An Important Update to the Lord's Supper and Livestream Services
This first Sunday of the month, as is our practice, we will take the Lord’s Supper together as a church. However, as you are well aware, some will be prevented from gathering with us due to health risks associated with coronavirus. We are making room for those who cannot attend in-person to participate in the Lord’s Supper, under the direction of the elders, alongside those in the in-person gatherings. We also want to provide some guidelines for how to do this well and maintain our unity in this season.
Separation, Unity, and the Lord’s Supper
The Lord’s Supper means many things to us as Christians: we symbolize and remember the death of Christ (1 Cor 11:26), we receive spiritual nourishment (John 6:53-57), we take the opportunity to examine ourselves and cling to Christ in faith and repentance (1 Cor 11:27). But one of the most powerful aspects of the Lord’s Supper is that it symbolizes our unity in Christ together as a church family. We are reminded, “Because there is one bread, we who are many are one body, for we all partake of the one bread” (1 Cor 10:17).
Communion says, “We are together in Christ” and it is a joy to see people from many age groups, ethnicities, backgrounds, and even beliefs on secondary matters united in taking communion together. But in this season we find some of our church family separated by medical concerns, unable to participate in that picture of unity. So what do we do?

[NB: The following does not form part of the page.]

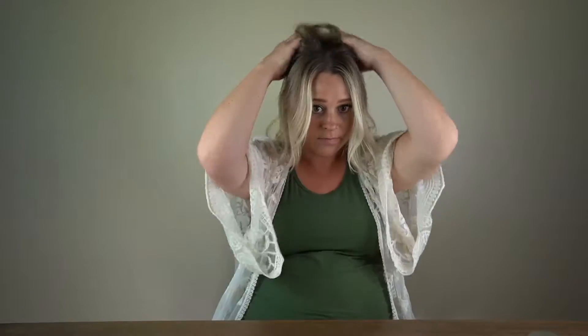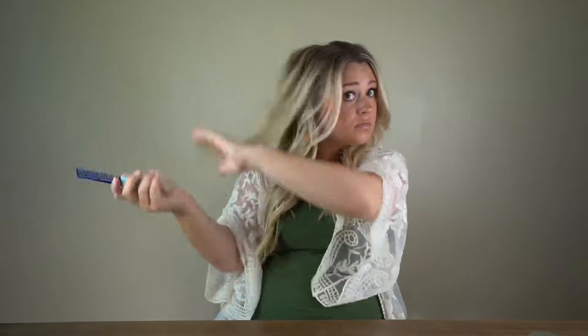The first thing I like to do is go through and tease it. You don't need to go crazy — just tease it enough so that your hair doesn't look super flat. I'm gonna add in a little bit of texture spray. For this style, the grittier the better.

After much study and prayer we believe as elders that Scripture doesn’t provide specific and clear guidelines for handling communion in this situation, instead we are left seeking to fulfill the Bible’s clear principles as faithfully as we can. While our normal and regular encouragement to believers is that communion should be practiced together, with the whole church body, we want to make room for those unable to attend in-person to participate as much as they are able. We may be separated as a church, but we are still the church, committed to one another around the gospel of Jesus.
We believe that in this season our communion must take on a new aspect: We must use the opportunity to remember those who are separated from the gathering for this season, declaring through communion we are one in Christ, and longing for the day we are all reunited across from one another.
Participating in the Lord’s Supper at Home
So how can those who find themselves confined to home best participate in the Lord’s Supper? We as elders want to provide a few Scriptural and practical guidelines:
- Set aside elements for the bread and the cup in advance, remembering that simplicity is often best so that the materials themselves do not become distracting from the substance of the moment
- Consider the participation of children or others in the household, remembering that communion is reserved for those who have made a profession of faith in Christ
- Participate in the livestream, so that as much as possible, those gathered at home are taking communion in the same moment those gathered at the church building, highlighting our unity
- Fully engage with the communion moment, setting aside distractions that may happen at home and fully entering into prayer and reflection as we take communion
- Pray for our unity and longing to gather again, asking God to preserve our church and unify us around the confession of the gospel
We pray that this is a short season in the life of our church, but we also recognize some unique ways this can actually strengthens our practice of the Lord’s Supper: it keeps it from becoming a mere ritual and causes us to engage with it afresh, it encourages us to be mindful of the whole church body, and it reminds us that one day all God’s people will be gathered to Him.
This Sunday, partially to facilitate our communion together we will be livestreaming services both at 9am and at 11am. Whether you are gathered in the living room or in the auditorium, we look forward to remembering Christ and what he’s done together.